Photography is the game of time and light. The sun’s light during the course of the day is bright and ever changing. The photographer submits to its moods and waits for “good” light. But what happens when this greatest source of natural light falls below the horizon line?
When darkness falls, artificial light sources illuminate the world in eerie stillness. The buzzing neon hotel signs, the warm glowing street lamps, the red shooting stars of broken taillights. Man-made light rules the landscape.

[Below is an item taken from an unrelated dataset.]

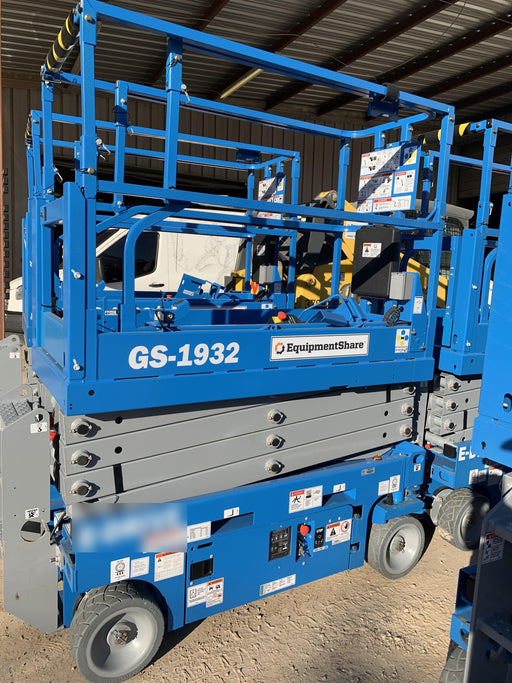 2021 GENIE GS-1932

A photographer must consider this light carefully. When confronted with a lowly lit scene, a photographer must commit a great deal of thought and intention to any exposure. Different artificial lights carry a wide variety of intensities, hues and colors. Light may reflect or bounce off of different surfaces and textures with varying degrees of strength. The proper film stocks and equipment need to be chosen beforehand to handle these characteristics in order to achieve the artists vision. Even instruments that aid in determining adequate exposure of film often fail to measure the night’s low light. A photographer is often left equipped only with the knowledge of others passed down through literature, mentorship or personal experience gained through trial and error. A deeper relationship and understanding of light must be formed to anticipate its behavior and achieve the desired exposure. There is another place that shares many traits with the tungsten dominated night, the darkroom.
The darkroom is also a place where a different variety of light’s qualities and behaviors must be considered with experience and intuition. Like night photography, in the absence of the sun, careful consideration must be given when calculating an exposure. No ray of light unaccounted for. A relationship and understanding of light formed. Colors captured on film by the camera are manipulated with an enlarger through the use of different types of photosensitive papers to realize the vision of both the photographer and printer. The techniques of the darkroom must also be learned through the text of printing books, the mentorship of an experienced lab tech or through personal trial and error.
The technical and artistic connection between night photography and darkroom printing make realizing a photographic intention and vision through both mediums consecutively a highly calculated yet intuitive exercise—one that can result in beautiful and unique images. In an age where digital tools are so highly relied on and convenient, it’s an extremely gratifying venture to carry an idea all the way through to a framed photograph hanging on the wall by means of purely analog techniques. From film stock to fixer, the entire process is a balancing act with light, in the dark.